Crunchy Creole Ranch Salmon

Prep Time

5 minutes

Cook Time

25 minutes


2-4 people

This one-pot meal is quick, delicious and makes for easy cleanup. Tony’s Creole-Style Ranch Dressing keeps the meat moist and provides lots of flavor. You have to try this recipe by James Beard Award-winning Chef Virginia Willis.

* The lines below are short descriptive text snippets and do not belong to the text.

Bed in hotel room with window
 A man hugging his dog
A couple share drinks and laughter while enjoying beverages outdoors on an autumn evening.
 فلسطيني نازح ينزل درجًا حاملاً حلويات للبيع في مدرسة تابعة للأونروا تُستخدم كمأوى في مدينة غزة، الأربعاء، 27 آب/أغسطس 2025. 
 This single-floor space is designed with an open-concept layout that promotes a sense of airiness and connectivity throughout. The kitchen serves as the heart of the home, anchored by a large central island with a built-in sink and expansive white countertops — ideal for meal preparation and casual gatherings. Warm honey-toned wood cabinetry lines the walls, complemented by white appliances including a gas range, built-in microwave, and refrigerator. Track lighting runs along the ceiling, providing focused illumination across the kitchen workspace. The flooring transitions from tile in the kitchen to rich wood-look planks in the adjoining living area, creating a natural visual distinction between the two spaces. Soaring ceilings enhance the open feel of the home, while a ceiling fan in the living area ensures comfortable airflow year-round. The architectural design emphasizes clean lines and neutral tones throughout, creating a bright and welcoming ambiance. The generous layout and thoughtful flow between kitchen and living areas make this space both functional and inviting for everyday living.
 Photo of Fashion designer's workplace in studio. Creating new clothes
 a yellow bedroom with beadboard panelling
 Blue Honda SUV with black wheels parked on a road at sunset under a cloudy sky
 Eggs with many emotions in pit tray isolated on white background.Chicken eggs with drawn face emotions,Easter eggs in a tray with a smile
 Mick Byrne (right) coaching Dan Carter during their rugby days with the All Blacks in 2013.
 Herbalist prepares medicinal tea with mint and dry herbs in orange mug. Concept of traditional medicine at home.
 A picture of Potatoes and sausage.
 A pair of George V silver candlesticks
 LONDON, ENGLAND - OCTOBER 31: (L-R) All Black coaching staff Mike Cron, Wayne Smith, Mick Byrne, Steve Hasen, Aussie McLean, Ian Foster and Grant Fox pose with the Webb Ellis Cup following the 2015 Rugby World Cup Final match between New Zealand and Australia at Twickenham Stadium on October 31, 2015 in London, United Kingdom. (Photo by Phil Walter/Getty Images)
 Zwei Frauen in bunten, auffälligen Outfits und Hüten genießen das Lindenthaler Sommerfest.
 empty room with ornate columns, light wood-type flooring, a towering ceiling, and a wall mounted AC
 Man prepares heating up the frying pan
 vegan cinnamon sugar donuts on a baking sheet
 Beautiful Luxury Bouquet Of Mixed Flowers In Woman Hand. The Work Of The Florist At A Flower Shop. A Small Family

Crunchy Creole Ranch Salmon

Kitchen Tip : Crunchy Creole Ranch Salmon


  • 1 Cup Panko Breadcrumbs

  • Zest of 1 Lemon (Optional)

  • 2 Tablespoons Fresh Parsley, Chopped

  • 1 Clove Garlic, Chopped

  • Pinch of Tony’s Original Creole Seasoning

  • 1 Teaspoon Olive Oil

  • 1 Bag (15 Ounces) of Chickpeas, Drained

  • 1 Pound Asparagus, Trimmed

  • 3 Tablespoons Tony’s Creole-Style Ranch Dressing

  • 24 Ounces Boneless, Skinless Salmon Filet or 4 Boneless Skinless Chicken Breasts

  • Clear


  1. Heat the oven to 350°F.
  2. In a small bowl, combine the panko, lemon zest, parsley, garlic, Tony’s Original Creole Seasoning and oil. Set aside.
  3. Place the drained chickpeas and asparagus in a large ovenproof skillet. Add 1 tablespoon of Tony’s Creole-Style Ranch Dressing. Stir to combine.
  4. Place the salmon fillets on top of the vegetables. Spread the remaining Tony’s Creole-Style Ranch Dressing on top of the salmon. Sprinkle over reserved panko combination.
  5. Transfer to the oven and cook until the asparagus is tender and the chickpeas are heated through.
  6. Remove from the oven and serve once salmon reaches 130-145°F or the chicken reaches 165°F.